Sam Francis’s thought was heavily influenced by the American political theorist James Burnham (1905-1987). And as Francis himself pointed out, the roots of Burnham’s thinking are highly unusual for an American conservative. Beginning as a Marxist in the 1930s, Burnham came to believe that the capitalist bourgeoisie, which dominated the society and politics of the 19th century, had been displaced from power not by Marx’s proletariat, but by a new elite of managers and technicians: men with the expertise required to direct the large enterprises typical of the 20th century economy. He developed this theory in his best-known book, The Managerial Revolution (1941).

Burnham later gravitated toward classical elite theory, as developed by the Italian social and political thinkers Vilfredo Pareto and Gaetano Mosca, believing it provided a better foundation than Marxism for understanding the managerial revolution he had described. The heart of elite theory is the principle that all human organizations are necessarily oligarchic in structure. Dictators, for example, cannot truly rule by themselves, but are always dependent on a group of men who accept their authority; these men, and not merely the dictator personally, constitute the elite of such societies. In democracies it appears that the broad masses of the people choose their leaders, but according to the elite theorists, it is really the leaders who have themselves chosen by the people. Even political parties advocating radical forms of democracy are forced, if they wish to be effective, to take on an oligarchic form, with a small party elite commanding the allegiance of a larger base. This has been called the iron law of oligarchy.

But elites are not permanent. Politics is a continual process of circulation of elites. Much of the history of the early modern era, for instance, can be interpreted as a process whereby entrepreneurial capitalists (the “bourgeoisie”) displaced the aristocratic landed elites inherited from feudal times. And according to Burnham, the managerial revolution of the late 19th and early 20th centuries was one in which the bourgeois elite inherited from the 19th century was replaced in its turn by a new managerial elite that continues to rule us to this day.

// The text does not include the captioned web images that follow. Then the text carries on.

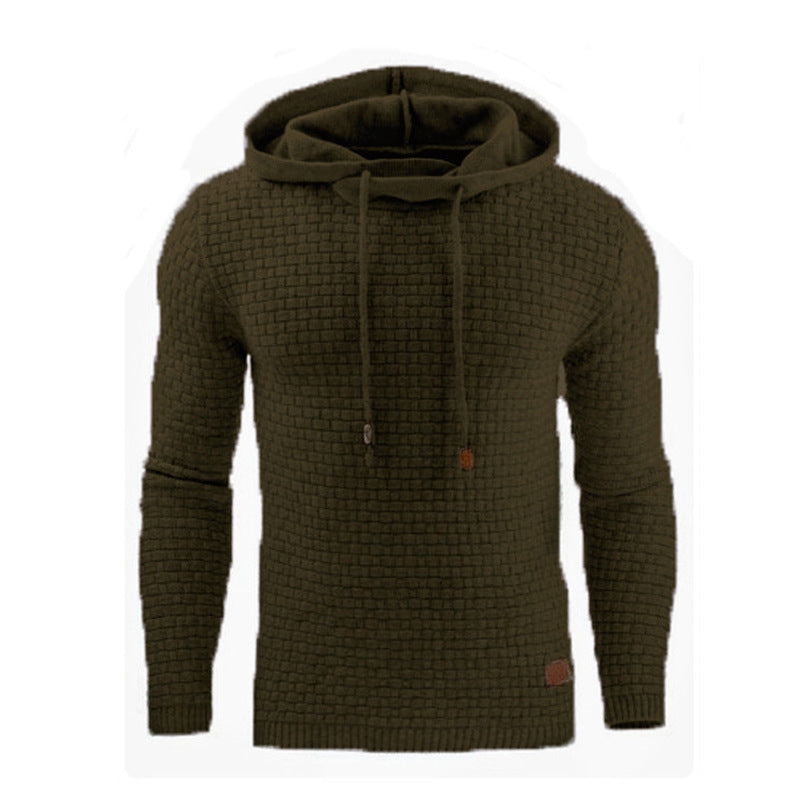 Men's Jacquard Sweater Long-sleeved Hoodie Warm Color Hooded Sweatshirt Jacket - globaltradeleader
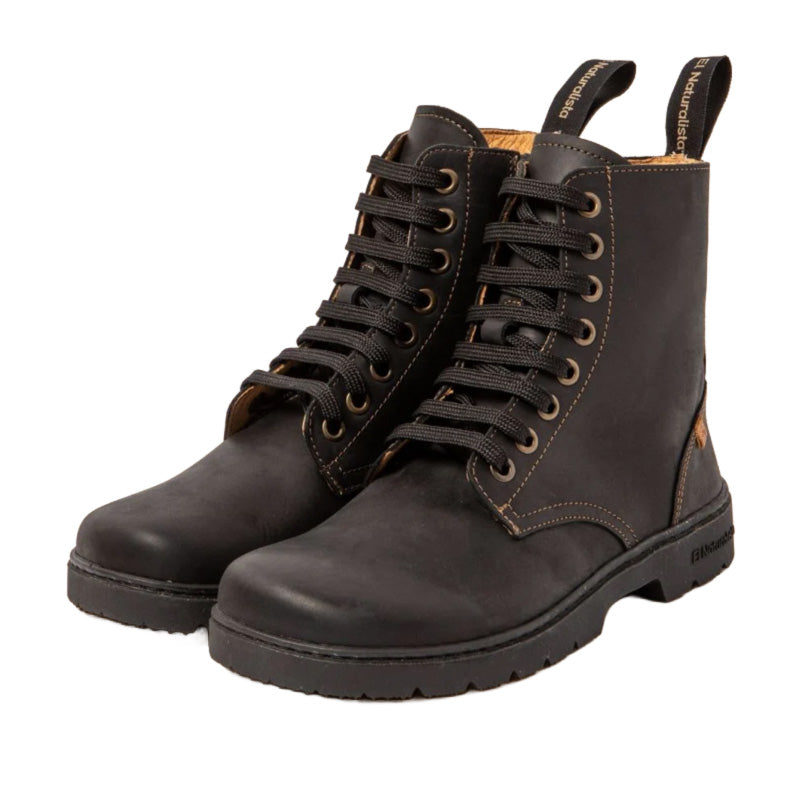 Pair of El Naturalista Barefoot Alpine Nomada Lace Up Boots - Black, angled view showing outer side and front.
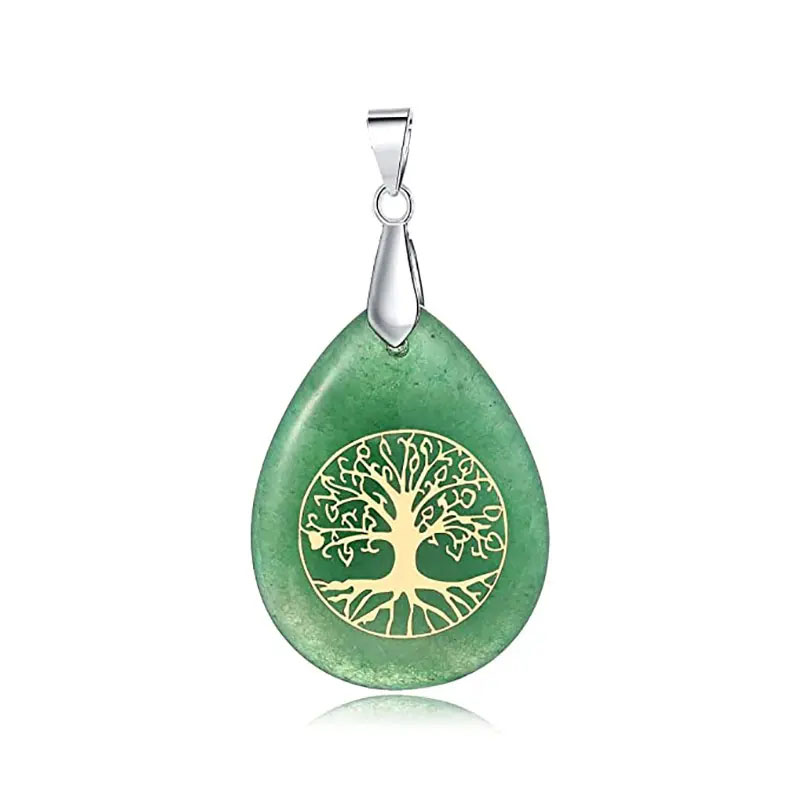 Tree of Life Pendant with Chain Natural Stone Green Aventurine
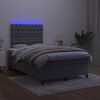 vidaXL Cama box spring c/ colch&atilde;o/LED 120x200cm veludo cinzento-escuro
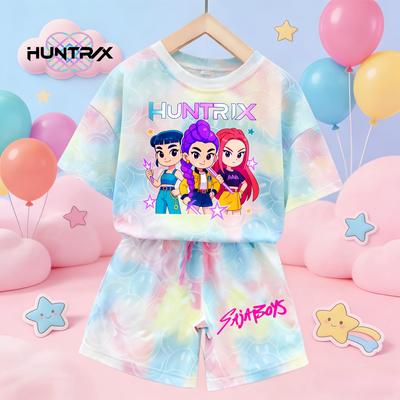 Summer New KPop Demon Hunters Kawaii Smile 3D Print Short Sleeve T-shirt Girls Kids Tee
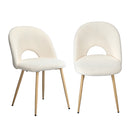 Set of 2 White Sherpa Dining Armchairs with Wooden Legs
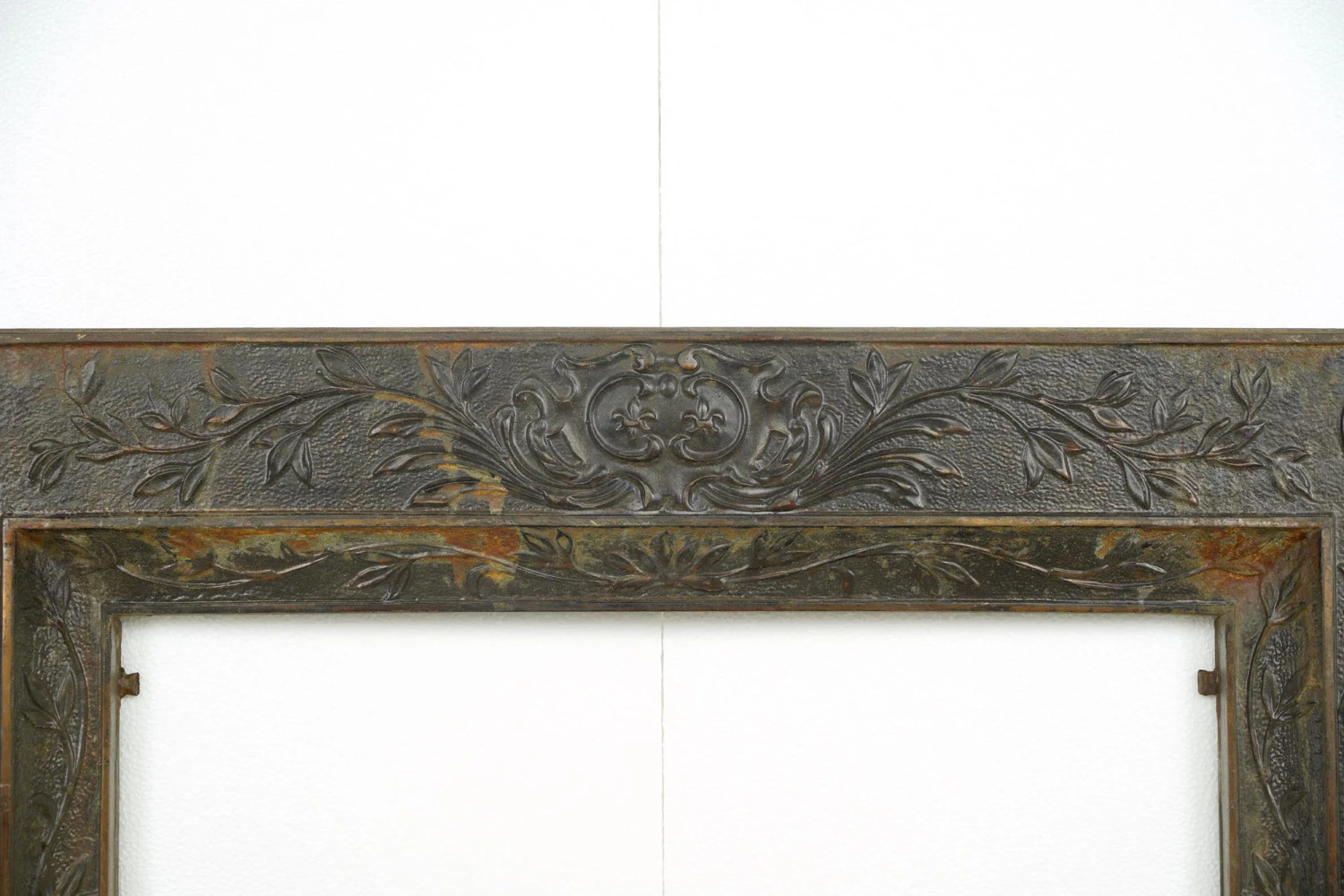 Antique Victorian Foliate Motif Cast Iron 30 In. Square Fireplace Insert 4 Antique Victorian Foliate Motif Cast Iron 30 In. Square Fireplace Insert - Image 2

Samuel Francis’s Leviathan and Its Enemies is a systematic development of these ideas, with a few revisions and extensions, as well as a defense of Burnham against rival schools of thought. The completed manuscript was discovered after his death, and he is not known to have made any attempt to publish it while he lived. Bits and pieces of the theory appeared in his columns of the 1990s, and I remember at the time wishing he would treat it more fully and systematically.

During the 19th century, growing population and urbanization led to what has been called a revolution of mass and scale, which may be defined as a dramatic process of enlargement in almost all areas of organized human activity, including producing, consuming, governing, communicating, fighting, and even worshiping. Traditional private and local forms of social organization proved unable to cope with this historically unprecedented growth. At the same time, new technologies were making larger organizations feasible, including not only physical technologies such as telephones and business machines, but also the application of psychology and the social sciences to human behavior (“scientific management”).

In Francis’s words: “The rearrangement of human societies within and under mass organizations was necessary to contain, discipline and provide services for the new mass populations and the exponential growth of social interaction.” Francis distinguishes three principle forms of organized human behavior in which this transformation occurred: the business corporation, government, and what he calls “organizations of culture and communication.”